While Nancy Pelosi continues to warn Republicans not to nominate Newt Gingrich (which is being used by the Romney camp this week), the Republican establishment is doing a full court press against Gingrich. That has led to some curious moments like Ann Coulter denouncing Gingrich for “hotheaded arrogance”. However, the strangest came from Elliott Abrams who accused Gingrich of the greatest sin of a Republican. No it is not endorsing torture or promising to renew the Iraqi War or even wiping out the separation of church and state. It is the unspeakable act of criticizing Ronald Reagan. Reagan famously handed down the 11th Commandment “Thou shalt not speak ill of any fellow Republican.” However, that is merely a venal not the mortal sin of violating the 12th Commandment, “Thou shalt not speak ill of Reagan.”
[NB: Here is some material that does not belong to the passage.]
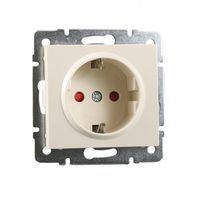 Розетка 1-я с/з внутренняя с защитой от детей крем LEZARD Rain 703-0388-124В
Republican leadership is calling out ranking establishment figures to question everything from Gingrich’s electability to his morality to secure the nomination for Romney. Elliott Abrams, however, shows how deep they are going in the GOP bench. You may recall Abrams from a little criminal affair called the Iran-Contra scandal. Abrams ultimately pleaded guilty to crimes of withholding information from Congress which included two years probation. He was then pardoned by President George H. W. Bush, in December 1992. Then on February 5, 1997, Abrams was censured by the D.C. Court of Appeals publicly for giving false testimony on three occasions before congressional committees. At the time, three judges wanted to not just impose the censure but to suspend him from practice.
As previously discussed in a column, many of these dark figures from the Reagan years were brought back into government by President George W. Bush, an early indication of the Administration’s approach to the rule of law. Abrams considers himself so rehabilitated in the public eye that he feels entirely comfortable in denouncing Gingrich for statements against Reagan that include criticism over . . . yes guessed it . . . Iran-Contra.
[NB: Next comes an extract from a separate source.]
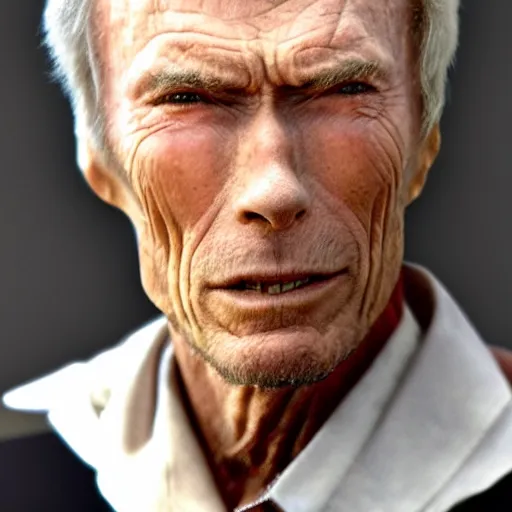 Image similar to clint eastwood god perfect face coherent by kezie demessance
Abrams offers a rather cheerful account of his role, which led to his criminal plea. He accuses Gingrich of saying mean things about Reagan and “predicting that Reagan’s policies would fail, and in all of this he was dead wrong.” Of course, Iran-Contra was not exactly a roaring success.
Yet, Abrams notes that he and others were fighting “vicious criticism from leading Democrats — Ted Kennedy, Christopher Dodd, Jim Wright, Tip O’Neill, and many more — who used every trick in the book to stop Reagan by denying authorities and funds to these efforts.” You may recall that Congress limited funds to the Contras through the Boland Amendment. Abrams notes the Gingrich did in fact vote for the Administration, but said negative things about Reagan. His “best” example was on March 21, 1986.
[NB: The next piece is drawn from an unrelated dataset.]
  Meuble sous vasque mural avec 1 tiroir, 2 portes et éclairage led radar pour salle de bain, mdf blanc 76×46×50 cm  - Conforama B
“This was right in the middle of the fight over funding for the Nicaraguan contras; the money had been cut off by Congress in 1985, though Reagan got $100 million for this cause in 1986. Here is Gingrich: ‘Measured against the scale and momentum of the Soviet empire’s challenge, the Reagan administration has failed, is failing, and without a dramatic change in strategy will continue to fail. . . . President Reagan is clearly failing.’ Why? This was due partly to ‘his administration’s weak policies, which are inadequate and will ultimately fail'; partly to CIA, State, and Defense, which ‘have no strategies to defeat the empire.’ But of course ‘the burden of this failure frankly must be placed first on President Reagan.’ Our efforts against the Communists in the Third World were ‘pathetically incompetent,’ so those anti-Communist members of Congress who questioned the $100 million Reagan sought for the Nicaraguan ‘contra’ rebels ‘are fundamentally right.’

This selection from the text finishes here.